L’aumento dei tassi di interesse, comunque, non ha avuto gli stessi effetti su tutte le aziende del settore. Le società attive nei paesi del Mediterraneo, come Enel, e le utility maggiormente esposte al segmento delle rinnovabili, come Orsted, sono quelle che hanno accusato maggiormente l’effetto della risalita dei tassi di interesse nel Vecchio continente a causa del loro elevato livello di indebitamento, salito per finanziare gli investimenti in energie alternative. Dall’altra parte, invece, ci sono società come Veolia e Centrica che hanno una leva finanziaria più bassa e che hanno pianificato un ulteriore riduzione dell’indebitamento nei prossimi anni grazie agli elevati flussi di cassa prodotti.
Lo yield è meno attraente
Il secondo effetto negativo riconducibile alla risalita dei tassi di interesse è legato alla crescita del rendimento dei titoli governativi, che rende meno attraenti i dividend yield delle utility. Il valore mediano dello yield offerto dai titoli del settore è in linea con quello medio registrato negli ultimi 20 anni, pari al 4,5%. Ma quello che è cambiato è il premio offerto da queste azioni, in termini di rendimento rispetto ai bond governativi a dieci anni, che è sceso all’1,5% rispetto a una media del 2,7 degli ultimi 18 anni. Stando alle stime degli analisti di Morningstar, il quadro potrebbe peggiorare in futuro.
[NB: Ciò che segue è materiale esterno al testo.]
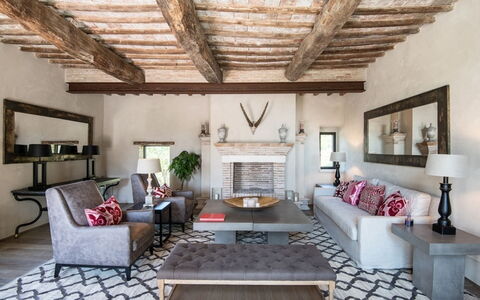 Villa Piuma: Furniture, Flooring, Interior Design, Couch, Floor, Living Room, Wood, Table, Ceiling, Home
Il payout medio del settore dovrebbe aver toccato il picco massimo nel 2022, grazie all’aumento dei prezzi dell’energia, ma è destinato a scendere progressivamente a causa della contrazione degli utili prodotta dalla risalita dei tassi di interesse.
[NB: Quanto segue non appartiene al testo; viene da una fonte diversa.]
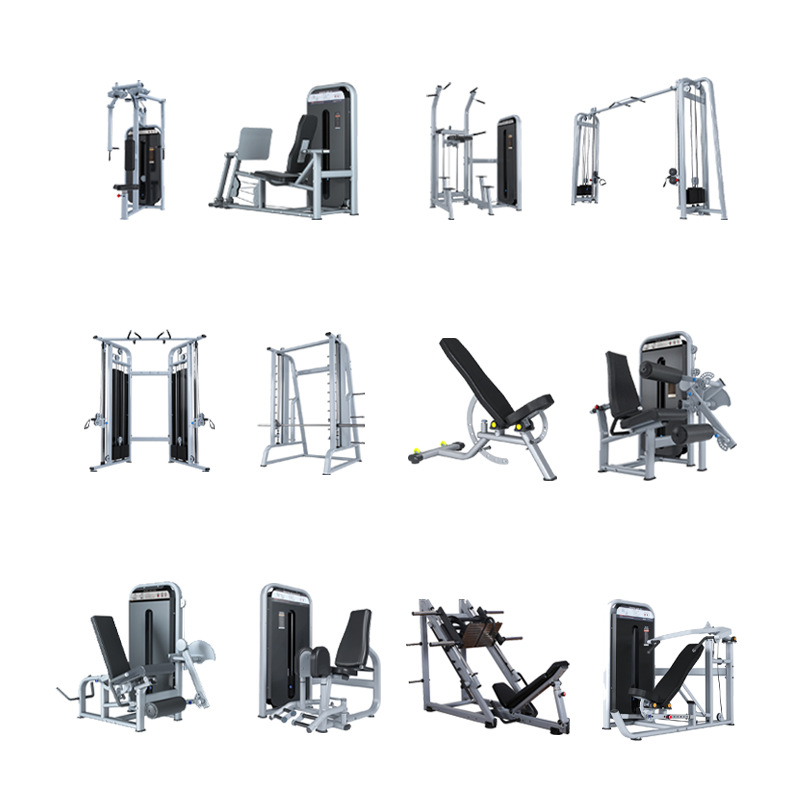 gimnasio comercial multifuncional pórtico integral de cinco personas de pie de ocho personas de pie de hack sentarse en cuclillas, estirarse y estirar máquina de flexión horizontal en todo uno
Il titolo più interessante dal punto di vista del dividendo, secondo gli analisti di Morningstar, è Endesa. “L’azienda ha tagliato la cedola nel 2021 in seguito alla riduzione del payout dall’80% al 70%, ma adesso quest’ultimo si è stabilizzato e in base alle nostre previsioni la cedola dovrebbe salire a un ritmo del 4,8% nei prossimi cinque anni, mentre al momento il titolo garantisce uno yield del 6,1%”, dice Tancrede Fulop, analista azionario di Morningstar.
Il rischio politico
Il secondo fattore che deprime le valutazioni di mercato delle utility europee è la crescita del rischio paese, a causa delle dinamiche tipiche di questo settore. Quello che succede, infatti, è che quando i prezzi del gas o dell’energia elettrica crollano, come è successo in passato, ad esempio tra il 2009 e il 2016, gli effetti di tali variazioni impattano quasi esclusivamente sulle aziende, e quindi anche sui loro azionisti, mentre quando i prezzi salgono i governi intervengono per proteggere l'utente finale attraverso l’introduzione di un tetto al prezzo o di tasse sui profitti societari, come sta succedendo in questi mesi. E questo ha delle ripercussioni sui conti delle utility. Anche in questo caso il quadro europeo è molto variegato, si passa da mercati in cui il rischio paese è più accentuato, come nel caso di Italia e Spagna, ad altri in cui l’intervento dello Stato non ha penalizzato i risultati delle società, come nel caso della Germania. Questo aspetto, dicono gli analisti, è importante nel processo di selezione dei titoli.